The purpose of Section 13(d) of the Exchange Act is to alert shareholders of large accumulations of securities which might represent a potential shift in corporate control. Rule 13d-3(b) provides that any person who, directly or indirectly, creates or uses a trust, proxy, power of attorney, pooling arrangement, or any other contract, arrangement, or device with the purpose or effect of divesting such person of beneficial ownership of a security or preventing the vesting of such beneficial ownership as part of a plan or scheme to evade the reporting requirements of Section 13(d) or (g) of the Exchange Act shall be deemed for purposes of such sections to be the beneficial owner of such security. As the district court noted, Rule 13d-3(b) furthers the purpose of Section 13(d) by preventing investors from circumventing Rule 13d-3 “with arrangements designed to avoid disclosure obligations by preventing the vesting of beneficial ownership as defined elsewhere—in other words, where there is accumulation of securities by any means with a potential shift in corporate control, but no beneficial ownership.”

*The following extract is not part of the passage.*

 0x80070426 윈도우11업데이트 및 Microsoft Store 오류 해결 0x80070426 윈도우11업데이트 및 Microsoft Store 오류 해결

As noted above, the SEC’s Division of Corporation Finance had been invited by the district court to submit its views as amicus curiae on two questions. The first of these questions and the SEC’s response thereto was previously discussed. The second of these questions was what mental state is required to establish the existence of a plan or scheme within the meaning of Rule 13d-3(b). In response, the SEC expressed the view that the long party’s underlying motive for entering into the swap transaction would not generally be a basis for determining whether there was “a plan or scheme to evade” the reporting requirements of Section 13(d), unless the long party had entered into the swap arrangement with the intent of creating a false appearance of non-ownership of a security:32

We believe that the mental state contemplated by the word “plan or scheme to evade” is generally the intent to enter into an arrangement that creates a false appearance. Thus a person who enters into a swap would be a beneficial owner under Rule 13d-3(b) if it were determined that the person did so with the intent to create the false appearance of non-ownership of a security. The significant consideration is not the person’s motive but rather that the person knew of or was reckless in not knowing that the transaction would create a false appearance. In this regard, taking steps with the motive of avoiding reporting and disclosure generally is not a violation of Section 13(d) unless the steps create a false appearance.

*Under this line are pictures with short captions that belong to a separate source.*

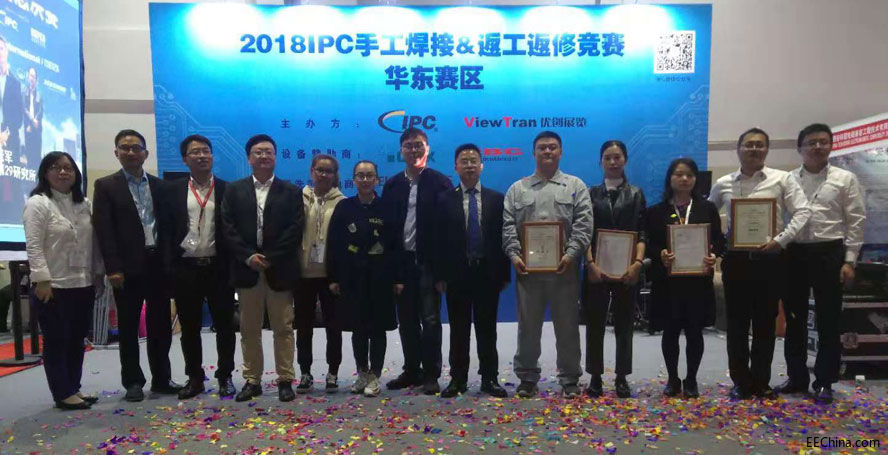 2018��IPC�ֹ�����&�������޸�ِ�A�|ِ�^�Y���ҕ�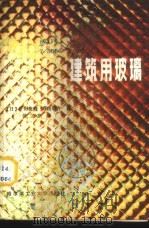建筑用玻璃   1985  PDF电子版封面  15341·16  （日）宇野英隆，（日）柴田敬介著；徐立非译 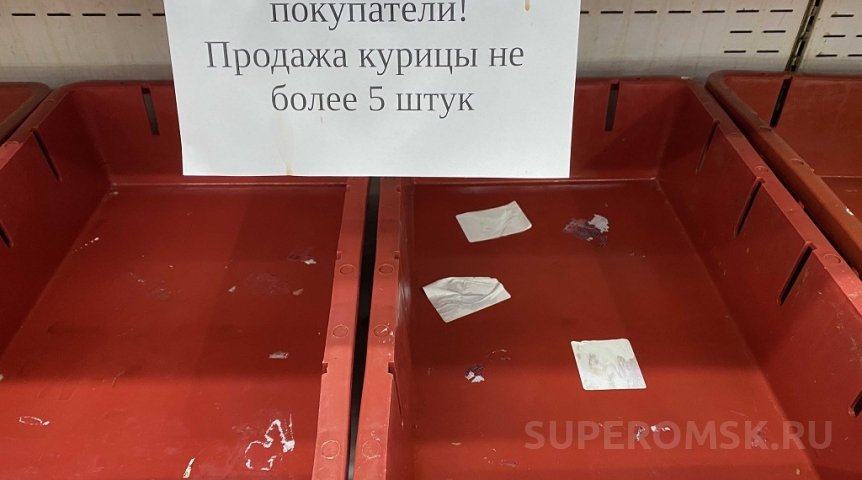 В мясе и курице из известного омского магазина нашли опасные бактерии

The SEC refused to rule out the possibility that there may arise a situation where a plan or scheme to evade the beneficial ownership provisions of Rule 13d-3 could exist in the absence of any evidence suggesting a false appearance or sham transaction.33 However, notwithstanding the acceptance of this possibility, the SEC opined that a person who does nothing more than enter into an equity swap should not be found to have engaged in an evasion of the reporting requirements of Section 13(d). The district court, while attempting to find a path for agreeing with the SEC’s standard for applying Rule 13d-3(b), applied its own gloss to the SEC’s position and refused to allow Rule 13d-3(b) to be limited to situations where the actor intended to create a false appearance of non-ownership.34 Taking note of the goal of Section 13(d) to alert the marketplace to large accumulations of securities which might represent a potential shift in corporate control, the district court interpreted Rule 13d-3(b) as creating the following standard:

Put another way, Rule 13d-3(b) applies where one enters into a transaction with the intent to create the false appearance that there is no large accumulation of securities that might have a potential for shifting corporate control by evading the disclosure requirements of Section 13(d) or (g) through preventing the vesting of beneficial ownership in the actor.35

With the foregoing as the standard, the district court held that each of the elements of Rule 13d-3(b) were satisfied, that the evidence that TCI created and used the equity swaps, at least in part, for the purpose of preventing the vesting of beneficial ownership of CSX shares in TCI and as part of a plan or scheme to evade the reporting requirements of Section 13(d) was “overwhelming”36 and that TCI had “concealed precisely what Section 13(d) was intended to force into the open,”37 the disclosure of a large accumulation of CSX’s shares that might have the potential for shifting corporate control.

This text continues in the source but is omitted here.